因为自己是诗人而感到羞耻,这种感觉我在上世纪80年代确实是有的,当然,那时我也不是诗人,只是写了一些小说,便常常因写小说而感到羞耻。眼看周围的朋友,个个下海经商,横向发展,拎着个公文箱满街跑,办公司,签合同,数钞票,忙得不亦乐乎,而我却在绞尽脑汁苦想什么“我是谁,我从哪里来,我到哪里去”一类蠢问题,确实是一件值得羞耻的事情,所以当别人问我在忙什么时,我绝对不会说在写小说,只会说:“没啥忙的,没啥忙的,你有什么好介绍,让我也发点小财?”
不过,深究起来,这种羞耻感,恰恰是基于对文学的敬畏,认为它与社会潮流格格不入,别人无法理解,所以干脆不说,自己躲进小楼成一统。本质上,可以理解为是一种清高。但到了今天,这种微薄的敬畏恐怕也荡然无存了。米沃什说:“我为我是一个诗人而感到羞耻,我感到自己就像一个被扒光衣服在公众面前展示身体缺陷的人。”现在的问题是,就算你扒光衣服站在公众面前,也没人对你的身体缺陷感兴趣,就算你打锣吆喝,也没人想停下脚步看一眼。这成了另一种羞耻。
这是一个文学的年代吗?显然不是。我简直不知道现在残存的文学杂志是怎么生存的,除了图书馆订购,还会有个人订户吗?这个问题我甚至不好意思去问那些杂志编辑。同样,现在的出版社文学编辑是怎样做图书的,说出来也令人沮丧,据说大家都感到江郎才尽了,因为想出任何选题,都会被领导一句:“能赚多少钱?”噎得半天说不出话来。
于是把希望都寄托在各种项目资金的资助上,整天忙着填各式各样的表格,申请各种各样的项目资金,一旦申请成功,就可以旱涝保收,不必再为市场利润头痛,领导高兴,编辑轻松,做市场营销的也舒服,皆大欢喜。所以现在的编辑,有一半时间是用来埋头填表的,不会填表的编辑不是好编辑,只有拉不到项目资金的编辑才会有“被扒光衣服在公众面前展示身体缺陷的”感觉。
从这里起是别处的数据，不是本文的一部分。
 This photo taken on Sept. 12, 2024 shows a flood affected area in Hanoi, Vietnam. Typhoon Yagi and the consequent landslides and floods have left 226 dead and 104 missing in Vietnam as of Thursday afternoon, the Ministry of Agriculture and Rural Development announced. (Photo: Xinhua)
如果现在米沃什以大无畏的姿态挺身而出说:“崇高:清醒地用手无寸铁的肉身来面对人们嘲讽的利刀。”在文学的国度,也许会让人有那么一丝半缕的悲壮之感,但在这里,人们只会哑然失笑说:好啦好啦,你还真当自己是根葱啊?没人想嘲讽你,哪儿凉快哪儿歇着去吧。只有当诗与权力或金钱挂上钩时,才会引起人们吹捧、赞美、嘲讽、咒骂、吐槽、拍砖、单挑、围殴的热烈冲动,才会有人愿意为它打笔墨官司,甚至真的上法院打官司。
不过,也不能一概而论,这世上的人心是不会死绝的,真正的文学永远会存在。这些年举办过几次史铁生作品朗诵会,让我常常想起上世纪80年代,我在史铁生那间著名而简陋的房子里和他聊天的情景。他那残缺的身体与开朗的笑脸,形成鲜明对照,常在我面前浮现,让我长久地感动。这也是我读到米沃什这段话——“每一个历史事件或人物都值得被写成史诗、悲剧或抒情诗。可他们都消逝了,只留下淡淡的痕迹”——时,在脑海里出现的一点淡淡的痕迹。